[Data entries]
⟨

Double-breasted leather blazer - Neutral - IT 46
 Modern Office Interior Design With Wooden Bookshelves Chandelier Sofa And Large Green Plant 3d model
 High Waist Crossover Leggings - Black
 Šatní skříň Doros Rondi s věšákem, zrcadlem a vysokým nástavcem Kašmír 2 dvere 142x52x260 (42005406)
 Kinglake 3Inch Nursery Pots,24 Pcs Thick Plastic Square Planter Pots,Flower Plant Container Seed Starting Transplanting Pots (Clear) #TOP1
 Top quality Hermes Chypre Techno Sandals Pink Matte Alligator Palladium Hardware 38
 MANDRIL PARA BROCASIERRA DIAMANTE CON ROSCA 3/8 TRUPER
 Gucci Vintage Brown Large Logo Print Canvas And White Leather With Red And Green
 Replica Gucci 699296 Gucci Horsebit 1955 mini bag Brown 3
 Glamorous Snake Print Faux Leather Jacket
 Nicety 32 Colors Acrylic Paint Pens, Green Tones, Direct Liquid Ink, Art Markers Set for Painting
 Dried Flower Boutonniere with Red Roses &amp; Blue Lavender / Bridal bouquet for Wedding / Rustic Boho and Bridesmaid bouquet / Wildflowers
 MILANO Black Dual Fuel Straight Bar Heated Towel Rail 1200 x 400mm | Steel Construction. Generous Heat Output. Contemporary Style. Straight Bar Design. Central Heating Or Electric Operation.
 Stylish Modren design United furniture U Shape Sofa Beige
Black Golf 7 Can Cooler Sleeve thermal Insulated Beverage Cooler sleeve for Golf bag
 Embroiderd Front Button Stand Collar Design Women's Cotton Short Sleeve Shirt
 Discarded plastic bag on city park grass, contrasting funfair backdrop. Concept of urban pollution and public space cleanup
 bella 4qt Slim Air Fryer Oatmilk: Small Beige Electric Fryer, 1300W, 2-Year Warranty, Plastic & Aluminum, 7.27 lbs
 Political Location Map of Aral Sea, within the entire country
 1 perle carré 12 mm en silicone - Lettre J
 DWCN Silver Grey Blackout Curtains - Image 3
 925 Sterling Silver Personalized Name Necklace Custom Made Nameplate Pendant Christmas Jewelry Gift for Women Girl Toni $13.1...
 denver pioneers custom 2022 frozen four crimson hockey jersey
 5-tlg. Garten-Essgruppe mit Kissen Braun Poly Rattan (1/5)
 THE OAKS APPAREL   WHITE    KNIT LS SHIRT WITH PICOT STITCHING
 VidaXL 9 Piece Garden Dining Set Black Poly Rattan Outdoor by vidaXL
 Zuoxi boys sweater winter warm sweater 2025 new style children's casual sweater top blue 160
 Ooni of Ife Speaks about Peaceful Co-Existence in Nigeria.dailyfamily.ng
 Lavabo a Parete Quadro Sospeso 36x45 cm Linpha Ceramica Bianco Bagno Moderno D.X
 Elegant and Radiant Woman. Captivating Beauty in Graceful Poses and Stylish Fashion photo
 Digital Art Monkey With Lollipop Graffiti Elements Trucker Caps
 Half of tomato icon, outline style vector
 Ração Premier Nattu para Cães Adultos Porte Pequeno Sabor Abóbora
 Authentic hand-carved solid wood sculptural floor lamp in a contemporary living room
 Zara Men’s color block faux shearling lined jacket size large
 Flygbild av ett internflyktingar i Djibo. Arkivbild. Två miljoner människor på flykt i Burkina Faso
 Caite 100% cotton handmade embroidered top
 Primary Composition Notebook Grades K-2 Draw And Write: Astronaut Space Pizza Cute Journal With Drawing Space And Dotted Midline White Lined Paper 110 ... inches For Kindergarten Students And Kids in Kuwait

⟩

### ABOUT THIS TASK
Retype nothing except the lines from the line holding "Zuoxi boys sweater" through the last line of the entries, both included.

### COMPLETED TASK
 Zuoxi boys sweater winter warm sweater 2025 new style children's casual sweater top blue 160
 Ooni of Ife Speaks about Peaceful Co-Existence in Nigeria.dailyfamily.ng
 Lavabo a Parete Quadro Sospeso 36x45 cm Linpha Ceramica Bianco Bagno Moderno D.X
 Elegant and Radiant Woman. Captivating Beauty in Graceful Poses and Stylish Fashion photo
 Digital Art Monkey With Lollipop Graffiti Elements Trucker Caps
 Half of tomato icon, outline style vector
 Ração Premier Nattu para Cães Adultos Porte Pequeno Sabor Abóbora
 Authentic hand-carved solid wood sculptural floor lamp in a contemporary living room
 Zara Men’s color block faux shearling lined jacket size large
 Flygbild av ett internflyktingar i Djibo. Arkivbild. Två miljoner människor på flykt i Burkina Faso
 Caite 100% cotton handmade embroidered top
 Primary Composition Notebook Grades K-2 Draw And Write: Astronaut Space Pizza Cute Journal With Drawing Space And Dotted Midline White Lined Paper 110 ... inches For Kindergarten Students And Kids in Kuwait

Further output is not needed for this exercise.